# GM moves
## When to use GM moves?
Though Charge may be an improvisational game based on the players’ action, it doesn’t mean that, as a GM, you should be completely reactive. You have ways to act whenever it makes sense, depending heavily on the fiction and the tone of the game. To borrow from Powered by the Apocalypse, there are soft GM moves and hard GM moves you may do when they are necessary. Either :
- As a `Consequence` from your players' bad rolls (since a GM move can correlate with one of the already existing consequences)
>_Alice rolled badly to try and force the door open. As a consequence, the GM decides to **reveal an unwelcome truth** : someone is quickly approaching._
- Whenever it makes narrative sense. Maybe your players are being too slow, maybe they're trying the wrong thing.
>_The players have spent too long deciding what to do and walking around aimlessly, so the GM decides to **create a new problem** and encourage the players to investigate or react to it.

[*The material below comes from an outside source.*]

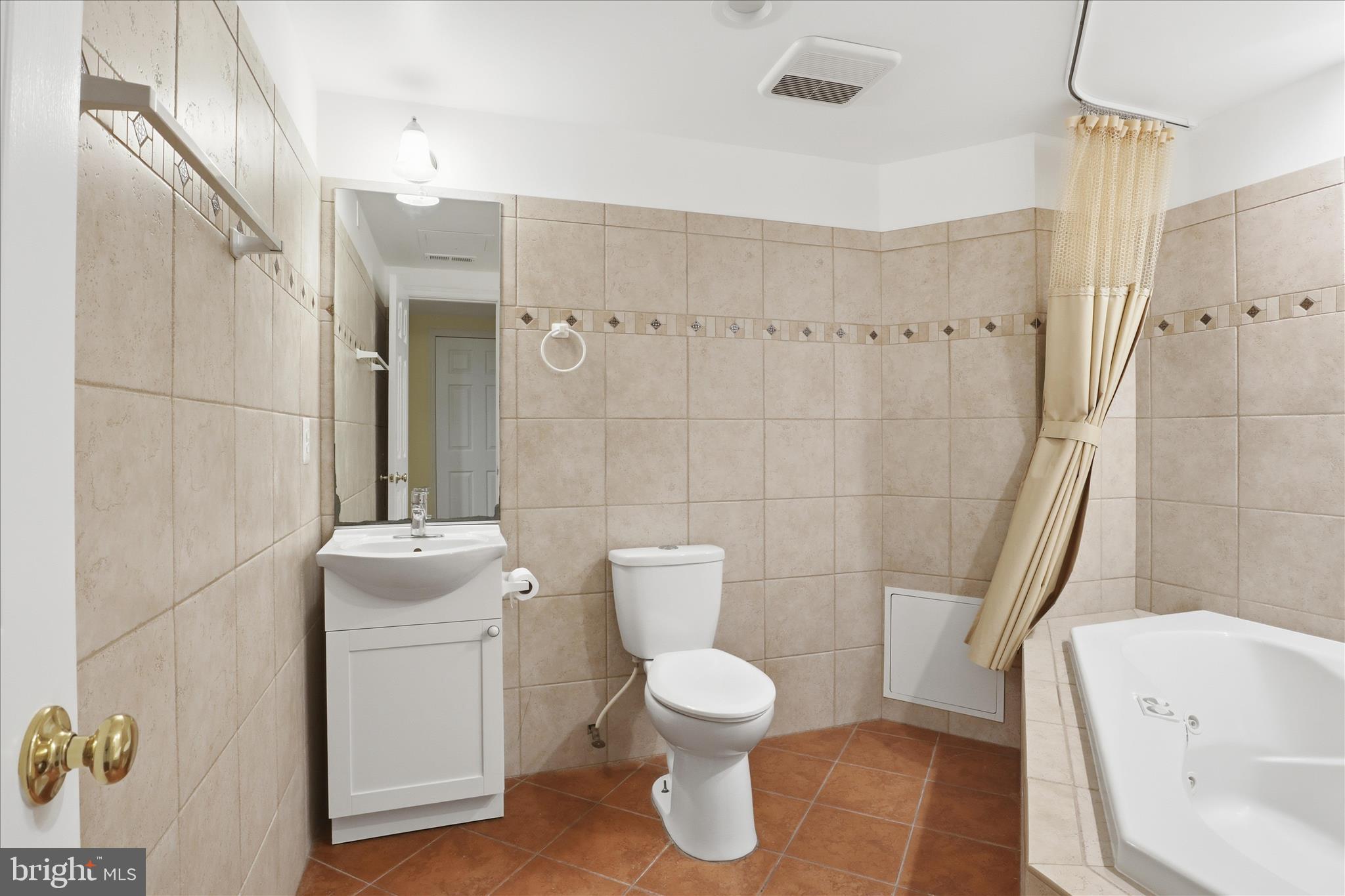 LITTLE ROCKY RUN - Residential Lease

In fact, the GM could even **give the enemies the opportunity to strike first**._
## What are GM moves ?
Soft GM moves are basically a way to **set up your players’ actions**, either through questions or through situations, they encourage, or even force, your players to react. They don’t usually lead to determination rolls. A soft GM move might be revealing an unwelcome truth about the world at large, or it might be telegraphing a Hard GM move. A plot hook may be a soft GM move.
>_Bob had just learned of the bad guy's nefarious plan: he wants to cancel the village fair by kidnapping the mayor's daughter! Now, what will he do?_
>
>_Charlene is currently running away from the cops, and she can hear sirens in the distance. If she doesn't start running right now, she will definitely get caught!_
On the other hand, Hard GM moves are `Consequences` inflicted outside of any rolls, and maybe outside of any player input. They are usually set up beforehand or telegraphed through soft GM moves or narrative truths.

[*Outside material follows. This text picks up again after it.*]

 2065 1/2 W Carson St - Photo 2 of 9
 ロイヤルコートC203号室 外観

> _Davis is caught up in the middle of a bar brawl where chairs and glasses are flying, and he decides to ignore it by going up to the barman and asking for a drink. It would only make sense that he would be risking a hit in the face._
>
>_Instead of saving the mayor's daughter, Bob's friend Emily has gone on a sidequest to save a kitten stuck in a tree. Though she may have succeeded in that sidequest, this has led to the bad guy's plan advancing to the next step._
The way these specific moves are handled are very tone-dependent : in the same setting, a move might be a soft move, a hard move, and if it is a hard move, it might be able to be resisted or not.
Grim settings are full of moments where things are outside of the character's control : these are perfect moments to use GM moves.